# [WORK INSTRUCTION]
With the exception of the pictures, write out the data below precisely.

# [GIVEN DATA]

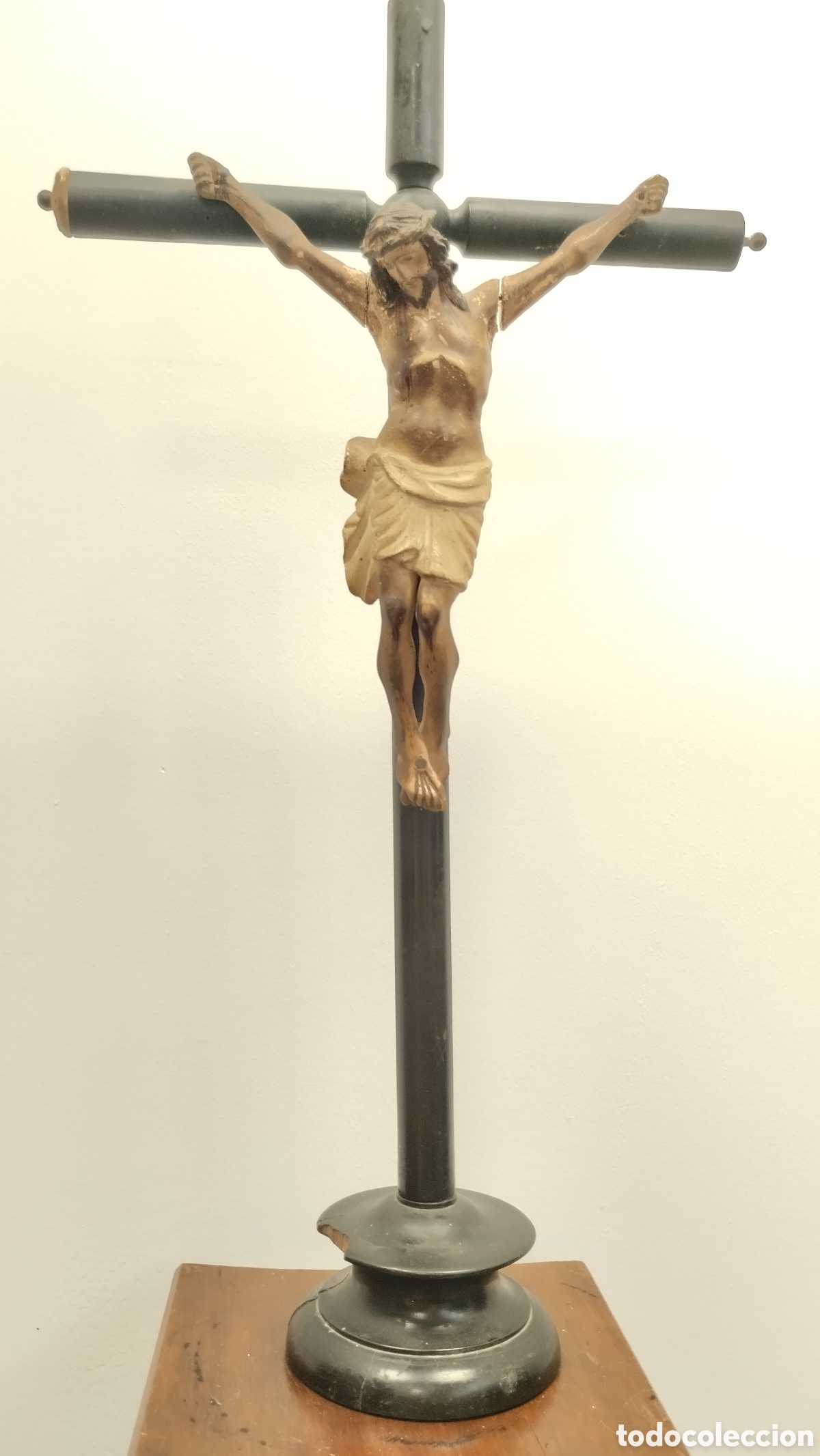 Antig&uuml;edades: Crucifijo en madera 66x35. - Foto 2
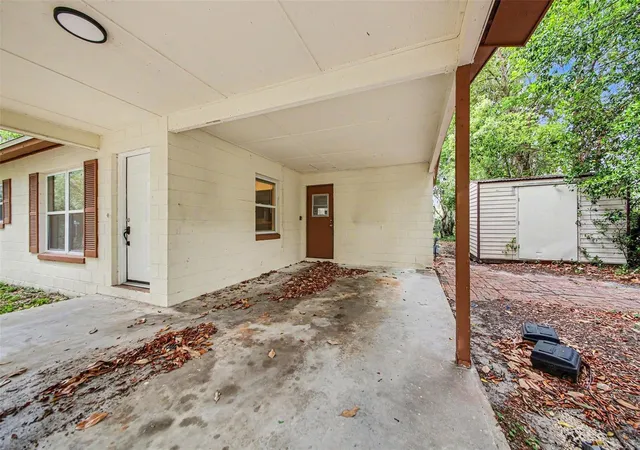 Photo 2 of Single family home for sale at 2318 Jobbins Dr, Leesburg, FL 34748 | MLS# O6407034 | Listing updated on 2026-10-15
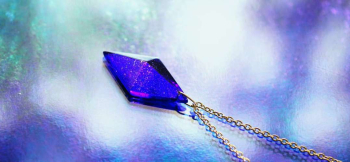 Blue universe of stardust 光の透過で、輝きの色合いも変化して見えます。 ラフォルム ガラスジュエリー ガラスアクセサリー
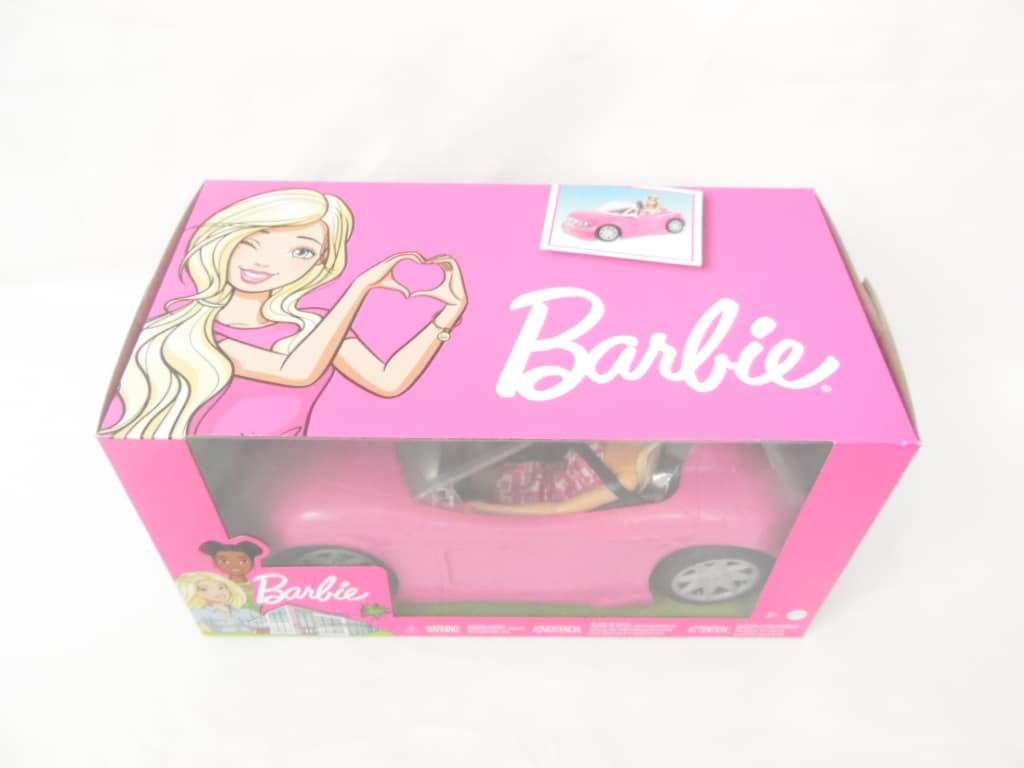 Barbie et sa voiture cabriolet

# [TASK RESPONSE]
 Antig&uuml;edades: Crucifijo en madera 66x35. - Foto 2
 Photo 2 of Single family home for sale at 2318 Jobbins Dr, Leesburg, FL 34748 | MLS# O6407034 | Listing updated on 2026-10-15
 Blue universe of stardust 光の透過で、輝きの色合いも変化して見えます。 ラフォルム ガラスジュエリー ガラスアクセサリー
 Barbie et sa voiture cabriolet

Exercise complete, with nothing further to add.